Camouflaging is a widely used concealment tactic across the animal kingdom, but when is it actually beneficial for an organism to use? In this talk, we focus on analyzing when it is worthwhile for a pursuer to utilize motion camouflage (MC) amidst uncertainty in when an evader will feel threatened and attempt to escape. Using MC movement techniques to trick an evader's visual system into believing that a pursuer is less threatening than they actually are has been observed in hover flies during mating rituals and in dragonflies during territorial disputes. To ground our discussion in a concrete example, I will focus on mathematically modeling biologically observed MC behaviors exhibited in hover fly pursuit-evasion interactions. In this model, the evader's escape attempt time occurs as the result of a nonhomogeneous Poisson point process governed by a rate function that is dependent on the pursuer’s state and the evader’s position. I will then present a general mathematical framework to determine when MC tactics may be worthwhile for an energy-optimizing pursuer, and I will highlight the resulting sequence of Hamilton-Jacobi-Bellman (HJB) partial differential equations which encode the pursuer's optimal trajectories.
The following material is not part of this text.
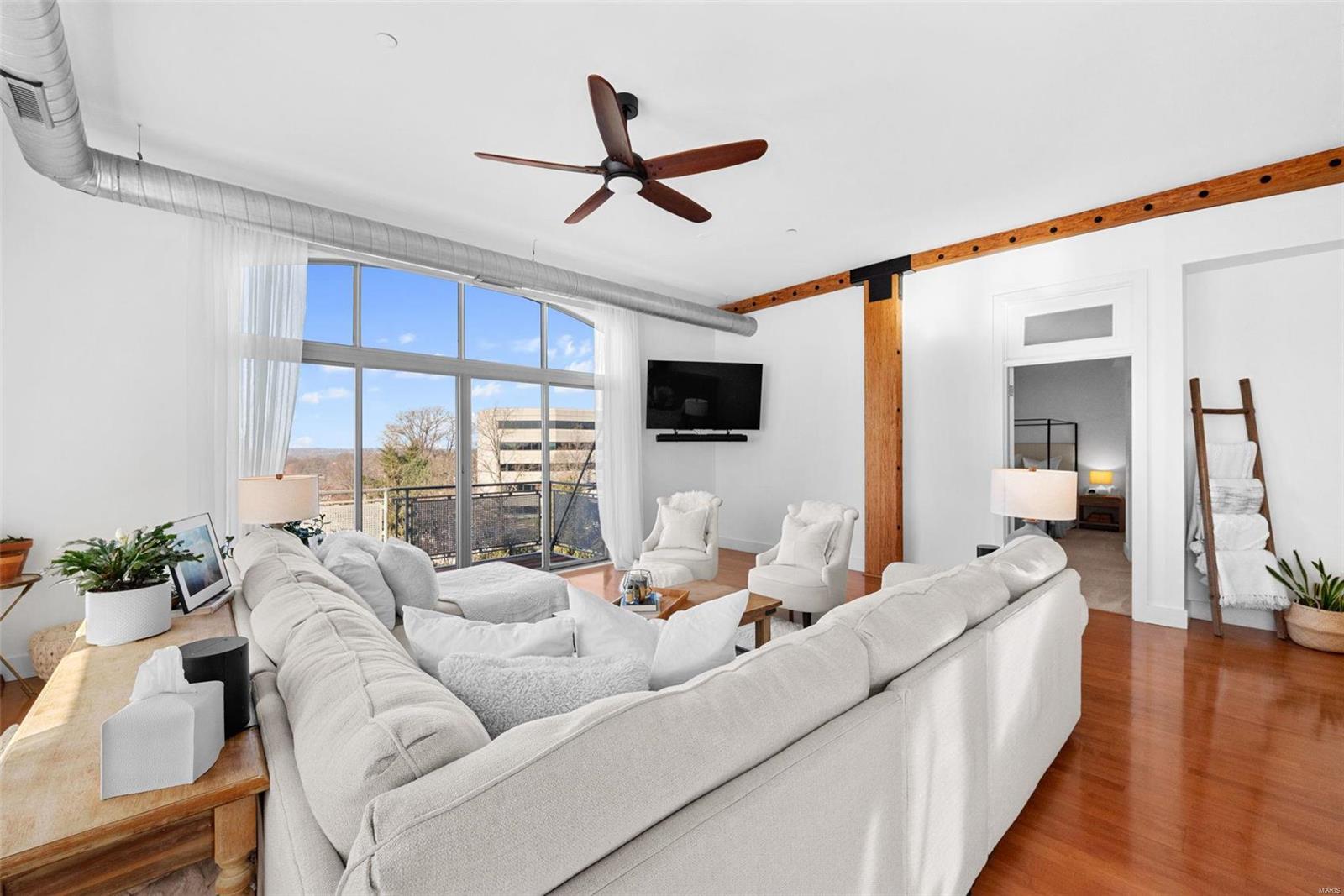 630 Emerson Road Unit: 402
After presenting the model and mathematical approach, I will show a selection of numerical simulations and statistics that reveal the existence of a specific parameter regime for the rate function in which MC tactics are useful. Finally, I will wrap up our discussion with some suggestions for future expansions of the framework.
About the speaker:
Mallory Gaspard is a Postdoctoral Research Associate in the Leonard Lab and Levin Lab at Princeton University, mentored by Professor Naomi Ehrich Leonard, and Professor Simon Levin. She is broadly inspired by developing mathematical approaches to decision making and optimal control under uncertainty, particularly to solve problems arising in technological, ecological, and sociological contexts. As an applied mathematician, she aims to use these approaches to reveal insights into the “why” behind physical phenomena and provide recommendations for the design or improvement of such systems. Mallory completed her B.S. in Mathematics and Applied Physics at Rensselaer Polytechnic Institute (RPI) in December 2018, followed by her Ph.D. in Applied Mathematics at Cornell University in summer 2025. At Cornell, Mallory’s doctoral research focused on developing dynamic programming based frameworks for optimal control under uncertainty to determine driving strategies in the face of limited traffic signal timing information, to compute enhanced driving directions that also provide lane change timing and effort information, and to better understand when predators in the animal kingdom might decide to utilize motion camouflage tactics while pursuing prey. At Princeton, Mallory is both extending and broadening these mathematical approaches to enhance our understanding of collective behavior in large scale systems of interconnected individuals (e.g., living organisms, technological devices) to investigate the roles that social connections play in shaping outcomes and to deepen our intuition about life-event timing in ecological contexts.